### WORK ITEM
Once the pictures are removed, reproduce what is left of the data below exactly.

### RECORDED INFORMATION

━━━━━━━━━━━━━━━━━━━━━━━━━━━━━━

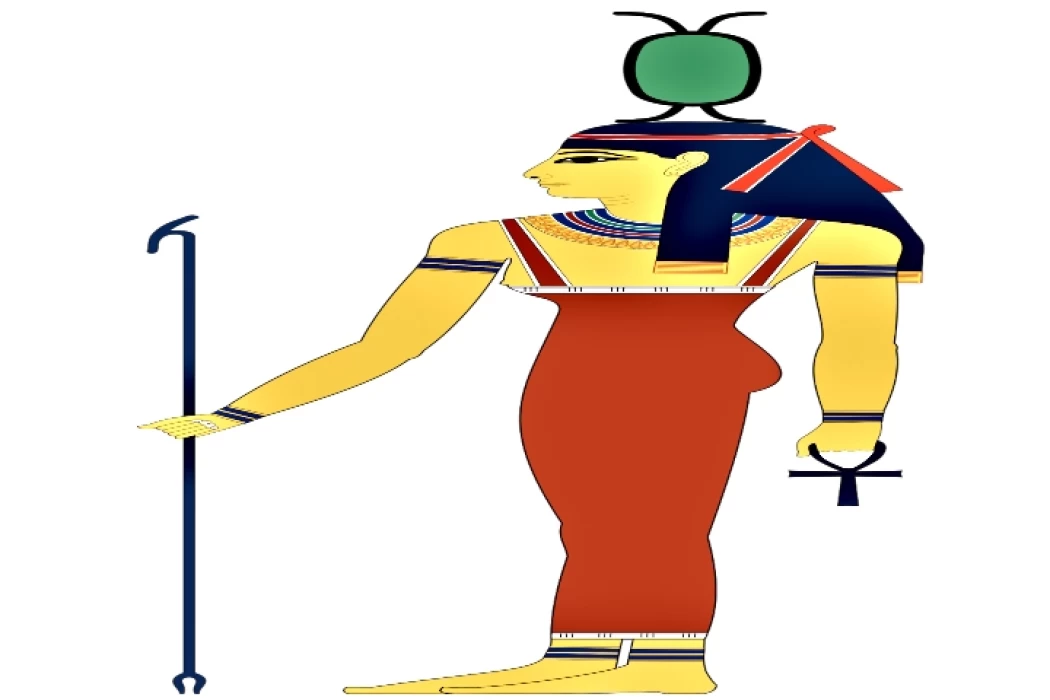Net (Neth) goddess in ancient Egypt
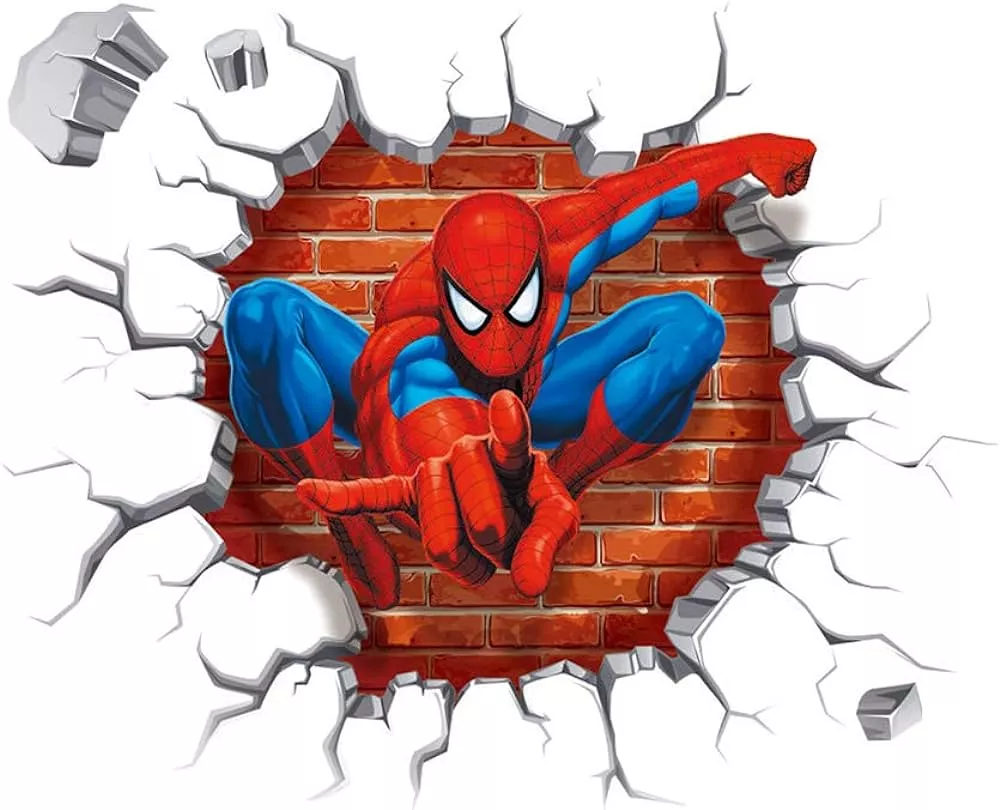Spiderman Wall Stickers DIY … curated on LTK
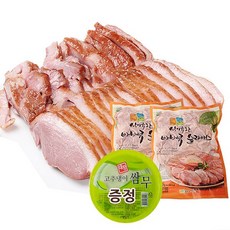 무첨가오리훈제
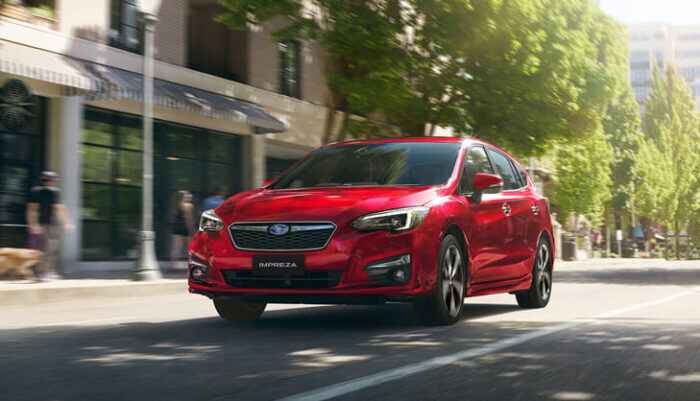 سوبارو امبريزا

━━━━━━━━━━━━━━━━━━━━━━━━━━━━━━

### SOLVED EXERCISE
Net (Neth) goddess in ancient Egypt
Spiderman Wall Stickers DIY … curated on LTK
 무첨가오리훈제
 سوبارو امبريزا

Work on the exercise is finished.